Um den Nachteil wettzumachen, haben Solectrac-Modelle Akkus eingebaut, die rasch gewechselt werden können. Eine weitere Möglichkeit, um dem Problem beizukommen, ist, den Traktor mit Netzstrom zu versorgen. John Deere hat mit dem GridCon etwa ein fahrerloses Traktorkonzept gezeigt, das ein 1000 Meter langes Kabel mitführt. Während der Feldarbeit wird das Kabel automatisch per Roboterarm ausgelegt und wieder eingeholt - das Ganze setzt natürlich das Vorhandensein eines Netzanschlusses in Feldnähe voraus.

Wasserstoff als alternativer Stromspeicher wird unterdessen nicht als sinnvoll erachtet. "Du kannst auch damit nicht genug Treibstoff für einen ganzen Tag mitführen und du kannst damit den CO2-Fußabdruck nicht so rasch reduzieren, wie es die Gesellschaft verlangt", wird der Motorenentwickler Nicolai Tarasinski von Future Farming zitiert.

Teurer Einstieg

Schlussendlich gibt es das Frühanwenderproblem: E-Traktoren müssen erst einmal in geringen Stückzahlen Käufer finden.
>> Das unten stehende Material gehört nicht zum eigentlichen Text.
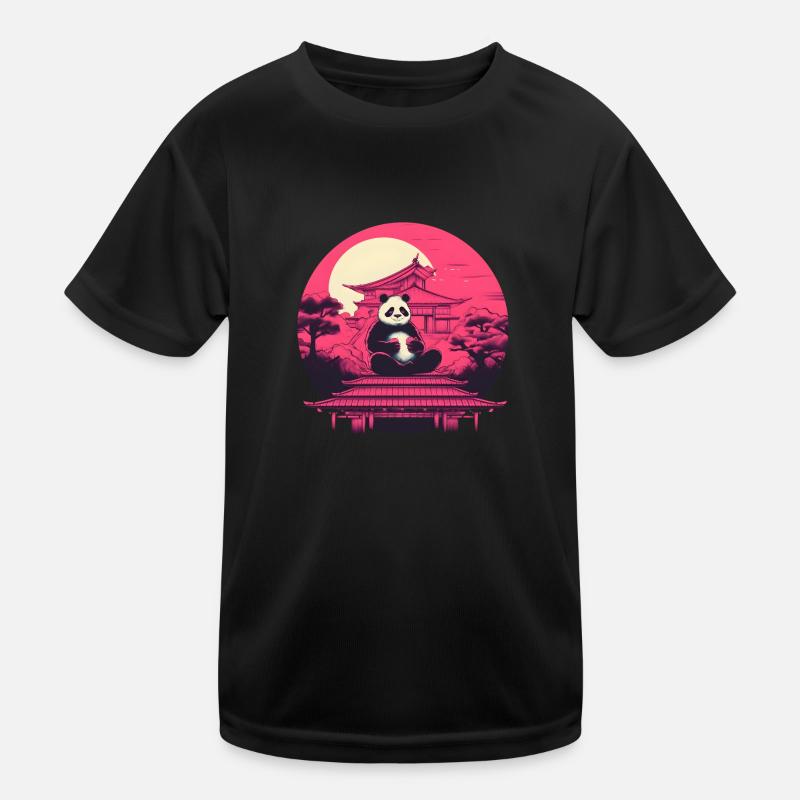 Synthwave mangeant Panda Japon Coucher de soleil T-shirt sport Enfant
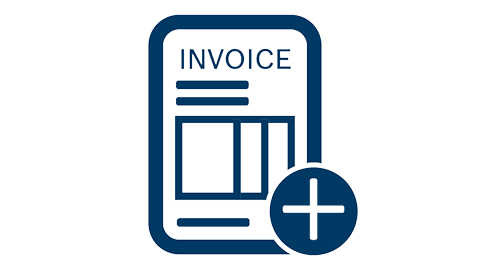 一個圖標顯示一張發票，上面寫著「INVOICE」，旁邊有一個加號。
Zu Beginn werden ihre Preise deutlich über jenen von Dieseltraktoren liegen. Experten rechnen daher damit, dass sich die klimafreundlicheren Maschinen zunächst eher in Nischen wie dem Weinbau einnisten werden. Dort ist weniger Leistung gefragt und die Erträge sind höher.
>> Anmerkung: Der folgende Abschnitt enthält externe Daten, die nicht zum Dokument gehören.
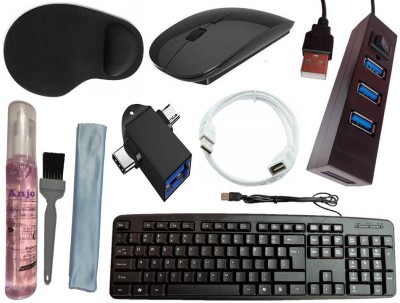 ANJO USB Keyboard-Wireless Mouse-Wrist Pad-2.0 Hub-3in1 Cleaner-OTG 2in1-Ext Cable Combo Set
Dieses Häuschen in Heimschuh beherbergt den gemeinsamen Stromspeicher der Bauernhöfe

Kooperation mit Energieversorgern

In Zeiten der Energiewende wird landwirtschaftlichen Betrieben, die nachhaltig Strom produzieren, großes Potenzial zugerechnet. Sie können u.a. als Partner in lokalen Energiegemeinschaften fungieren und somit bei der Entlastung des Stromnetzes mithelfen. "Landwirtschaften eignen sich hervorragend für die Erzeugung von Solarstrom", erklärt Urs Harnik-Lauris, der Konzernsprecher von Energie Steiermark. Der Energieversorger greift Betrieben bei der Implementierung nachhaltiger Stromproduktion unter die Arme. "Wir verkaufen über ein Tochterunternehmen selbst Photovoltaik-Anlagen und installieren Stromspeicher. Das widerspricht dem klassischen Begriff eines Energieversorgers, der nur Strom verkauft. Das ist aber nicht unser Verständnis. Wir sehen uns als Partner für eine neue Energiezukunft."

Wozu die Kooperation mit landwirtschaftlichen Betrieben führen kann, das wird derzeit in mehreren Projekten ausprobiert. Eines davon wird in der südsteirischen Gemeinde Heimschuh durchgeführt. "Früher gab es in vielen Orten gemeinsame Milchkühlhäuser. In Heimschuh gehen wir einen anderen Weg." 15 Landwirte speisen Strom aus ihren PV-Anlagen in einen gemeinsamen Speicher ein und entnehmen ihn je nach persönlichem Bedarf. Harnik-Lauris: "Für entlegene Regionen ist das ein absolutes Zukunftsmodell. Es ermöglicht, den Anteil erneuerbarer Energien nach oben zu schrauben und unter Beibehaltung des Stromnetzes bis zu einem gewissen Grad autark zu sein."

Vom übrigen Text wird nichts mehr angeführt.